Política
Hablaremos mucho de Cervantes en el 2005. Volverá a ponerse de moda la agilísima y divertida permanencia de don Quijote, sus aventuras y sus grandes intérpretes. Algunos lectores se acercarán, por ejemplo, a las páginas de Vida de don Quijote y Sancho de Miguel de Unamuno. Comprobarán que se pueden decir muchas barbaridades de forma muy inteligente. Un sabio desesperado, de gafas cultas, barba cortante y mano impulsiva, es capaz de elevar la lanza de su orgullo herido para arremeter contra la ciencia, los bachilleres y los políticos. Don Miguel buscó en las nieblas agónicas de la fe lo que no había encontrado en la razón. Despreció a los prudentes, a los ciudadanos educados en las costumbres sociales y, sobre todo, a los políticos. El desprestigio de la política recorre el último tercio del siglo XIX y pasa a los primeros años del siglo XX, afectando a escritores regeneracionistas, poetas puros, honrados padres, madres, y hasta a Platero, el burro suave de Juan Ramón Jiménez. Incluso Federico García Lorca, cuando estrena en 1927 su Mariana Pineda, se empeña en afirmar que la obra no es política, aunque la heroína hubiese sido ejecutada por el absolutismo. No era extraño, porque la Restauración había institucionalizado la mentira y la política pertenecía entonces a la farsa de una España oficial separada por el cuchillo de los engaños de la España real. La institucionalización de la mentira supuso la corrosión moral y económica, la imposibilidad de progresar junto a Europa, la santificación de los intereses caciquiles, y un desprestigio radical de la política, es decir, del ámbito que las sociedades inventaron para resolver las contradicciones de la convivencia a la hora de decidir sobre la realidad. Cuando leemos las barbaridades de Miguel de Unamuno, dispuesto a romper las mentiras oficiales con una lanzada de locura, podemos imaginarnos el estado de desesperación que domina, y hace estallar, a los países secuestrados por la institucionalización de los engaños oficiales.

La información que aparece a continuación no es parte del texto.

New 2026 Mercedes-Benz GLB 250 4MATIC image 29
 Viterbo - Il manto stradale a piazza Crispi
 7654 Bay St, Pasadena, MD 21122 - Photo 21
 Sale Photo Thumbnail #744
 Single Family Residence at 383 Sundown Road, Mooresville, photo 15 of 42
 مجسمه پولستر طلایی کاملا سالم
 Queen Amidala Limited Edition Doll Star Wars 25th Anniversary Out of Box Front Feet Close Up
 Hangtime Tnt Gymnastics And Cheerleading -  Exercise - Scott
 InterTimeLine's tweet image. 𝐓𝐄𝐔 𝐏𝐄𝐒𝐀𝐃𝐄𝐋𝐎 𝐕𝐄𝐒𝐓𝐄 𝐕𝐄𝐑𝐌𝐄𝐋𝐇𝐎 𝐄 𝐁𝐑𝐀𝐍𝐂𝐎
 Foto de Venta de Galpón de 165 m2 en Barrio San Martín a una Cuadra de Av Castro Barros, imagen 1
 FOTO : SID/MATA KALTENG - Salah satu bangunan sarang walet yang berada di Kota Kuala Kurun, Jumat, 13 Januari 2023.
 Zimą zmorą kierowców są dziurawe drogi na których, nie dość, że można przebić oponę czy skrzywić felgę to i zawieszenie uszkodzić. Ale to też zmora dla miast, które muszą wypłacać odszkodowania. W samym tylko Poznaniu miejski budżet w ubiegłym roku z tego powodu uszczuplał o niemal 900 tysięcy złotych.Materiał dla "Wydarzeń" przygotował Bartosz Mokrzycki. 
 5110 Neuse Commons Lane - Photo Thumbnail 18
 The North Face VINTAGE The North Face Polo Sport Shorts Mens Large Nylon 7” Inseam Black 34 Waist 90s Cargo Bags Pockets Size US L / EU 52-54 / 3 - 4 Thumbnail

El Partido Popular, en sus últimos años de gobierno y en sus primeros meses de oposición, ha jugado a institucionalizar la mentira, con la ayuda de sus medios de comunicación más leales. No soy un ingenuo, no creo en la verdad objetiva, porque sé que los hechos dependen de una interpretación. Desconfío de todos los que creen en la objetividad de sus verdades, porque ellos son los que supeditan los medios a los fines y acaban institucionalizando la mentira. Si un periódico es simpatizante del Betis y otro es más partidario del Sevilla, resulta lógico que las interpretaciones asuman una perspectiva. Lo que no parece soportable es que la prensa ofrezca resultados distintos, goles y vencedores inventados, considerando que una cosa es lo que ocurre en el campo y otra lo que deben contar los periodistas. La intervención de las víctimas del terrorismo en el Congreso ha servido para denunciar una etapa de institucionalización de la mentira. Aunque su discurso exigiera una posición neutral, la denuncia tiene nombres y apellidos. Nada es tan peligroso para un país como la institucionalización de la mentira. Y la manera más sensata, y menos loca, de salvar estos peligros pasa por prestigiar la política. Unamuno no es ya buena guía para interpretar a Cervantes.